We have to prove that $\lim_{n\to \infty}n^{1/n}=1$. Consider $a_n = n^{1/n}-1$. Since $n\geq 1$ we have that $n^{1/n}\geq 1$ and therefore $a_n\geq 0$. On there other hand, $n = (a_n+1)^n$. Using the binomial theorem (https://en.wikipedia.org/wiki/Binomial_theorem) we conclude that $$(a_n+1)^n=\binom{n}{0} + \binom{n}{1}a_n+\binom{n}{2}a_n^2 + \cdots + \binom{n}{n-1}a_n^{n-1} +\binom{n}{n}a_n^{n}.$$ From that equality we obtain $$(a_n+1)^n \geq \binom{n}{2}a_n^2 = \frac{n(n-1)}{2}a_n^2.$$ So, since $n = (a_n+1)^n \geq (n(n-1)/2)a_n^2$, for every $n>1$ we have $$\frac{n(n-1)}{2}a_n^2 \leq n,$$ $$a_n^2 \leq \frac{2}{n-1},$$ $$a_n \leq \frac{\sqrt 2}{\sqrt{n-1}}.$$

Fix $\epsilon >0$ and take $N\in \mathbb N$ larger than $2/\epsilon^2+1$. If $n> N$ then $n>2/\epsilon^2+1$ and therefore $$\frac{\sqrt{2}}{\sqrt{n-1}}<\epsilon.$$ So for every $n>N$ we have $a_n < \epsilon$ and therefore $|n^{1/n}-1|=|a_n|<\epsilon$ because $a_n = |a_n|$.

Answer 4

If you notice that $n^{1/n}>1$, for any $n$, you can forget about the absolute value, and $$n^{\frac{1}{n}}-1<\epsilon\to n^{\frac{1}{n}}<\epsilon+1$$ take logarithms on both sides (you can do that since the logarithm is a monotonously increasing function) $$\log(n)/n<\log(1+\epsilon)$$ This equation has solution, however I am worried it is not analytic. Then, for any positive $\epsilon$ you can find an $n$ that fulfills the convergence expression.

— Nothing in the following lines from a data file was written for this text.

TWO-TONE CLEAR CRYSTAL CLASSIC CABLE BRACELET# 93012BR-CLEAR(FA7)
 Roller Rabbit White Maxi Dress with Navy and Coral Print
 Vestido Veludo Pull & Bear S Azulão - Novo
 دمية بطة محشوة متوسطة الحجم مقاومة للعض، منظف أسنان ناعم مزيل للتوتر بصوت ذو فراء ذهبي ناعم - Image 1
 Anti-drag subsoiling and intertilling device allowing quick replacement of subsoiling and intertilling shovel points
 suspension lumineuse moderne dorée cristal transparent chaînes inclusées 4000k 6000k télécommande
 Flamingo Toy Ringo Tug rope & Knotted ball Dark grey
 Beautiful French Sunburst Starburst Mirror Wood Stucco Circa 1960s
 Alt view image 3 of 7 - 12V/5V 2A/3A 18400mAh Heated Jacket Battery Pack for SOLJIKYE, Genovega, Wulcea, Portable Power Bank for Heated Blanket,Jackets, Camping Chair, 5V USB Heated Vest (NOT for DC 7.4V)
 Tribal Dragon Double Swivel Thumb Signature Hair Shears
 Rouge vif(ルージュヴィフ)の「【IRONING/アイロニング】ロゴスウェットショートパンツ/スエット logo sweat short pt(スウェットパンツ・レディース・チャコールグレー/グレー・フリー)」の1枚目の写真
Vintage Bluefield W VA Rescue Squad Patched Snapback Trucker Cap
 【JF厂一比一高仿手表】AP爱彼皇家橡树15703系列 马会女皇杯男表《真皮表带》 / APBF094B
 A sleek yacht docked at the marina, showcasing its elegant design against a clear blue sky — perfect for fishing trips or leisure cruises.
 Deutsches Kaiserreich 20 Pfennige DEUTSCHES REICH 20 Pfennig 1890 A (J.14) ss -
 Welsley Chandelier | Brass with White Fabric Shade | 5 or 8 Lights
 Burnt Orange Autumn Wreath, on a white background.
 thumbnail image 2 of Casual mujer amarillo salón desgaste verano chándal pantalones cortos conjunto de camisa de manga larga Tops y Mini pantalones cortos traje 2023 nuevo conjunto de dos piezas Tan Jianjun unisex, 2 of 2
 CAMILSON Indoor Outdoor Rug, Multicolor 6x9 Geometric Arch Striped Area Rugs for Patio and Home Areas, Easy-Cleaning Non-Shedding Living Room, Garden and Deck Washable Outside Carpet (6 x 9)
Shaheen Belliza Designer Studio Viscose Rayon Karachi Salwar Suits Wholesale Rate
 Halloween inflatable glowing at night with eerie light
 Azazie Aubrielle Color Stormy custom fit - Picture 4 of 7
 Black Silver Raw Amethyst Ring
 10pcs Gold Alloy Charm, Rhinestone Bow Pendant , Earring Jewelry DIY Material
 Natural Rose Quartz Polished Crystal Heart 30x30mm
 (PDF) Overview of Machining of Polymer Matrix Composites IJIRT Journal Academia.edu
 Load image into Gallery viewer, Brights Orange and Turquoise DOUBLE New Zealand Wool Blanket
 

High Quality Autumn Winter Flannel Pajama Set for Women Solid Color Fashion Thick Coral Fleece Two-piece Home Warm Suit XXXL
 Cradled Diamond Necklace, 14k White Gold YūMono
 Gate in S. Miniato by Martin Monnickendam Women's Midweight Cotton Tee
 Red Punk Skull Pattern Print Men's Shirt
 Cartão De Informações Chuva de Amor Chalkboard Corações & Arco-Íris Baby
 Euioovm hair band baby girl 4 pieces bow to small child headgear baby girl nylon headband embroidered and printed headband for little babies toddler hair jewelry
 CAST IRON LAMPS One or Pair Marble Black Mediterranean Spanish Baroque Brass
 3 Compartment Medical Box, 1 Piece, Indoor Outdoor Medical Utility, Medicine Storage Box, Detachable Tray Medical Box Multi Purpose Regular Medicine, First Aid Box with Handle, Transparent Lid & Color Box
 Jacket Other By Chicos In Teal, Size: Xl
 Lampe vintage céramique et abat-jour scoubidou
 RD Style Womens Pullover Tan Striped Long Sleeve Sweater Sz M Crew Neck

I hpoe this will be useful for you!

Answer 5

I think it can be done as follows :

We have $(1+\epsilon)^n=1+n\epsilon+***$

Suppose $\epsilon>1$ then we have $(1+\epsilon)^n\geq n\epsilon>n$..

I have done seperately for $\epsilon\leq 1$.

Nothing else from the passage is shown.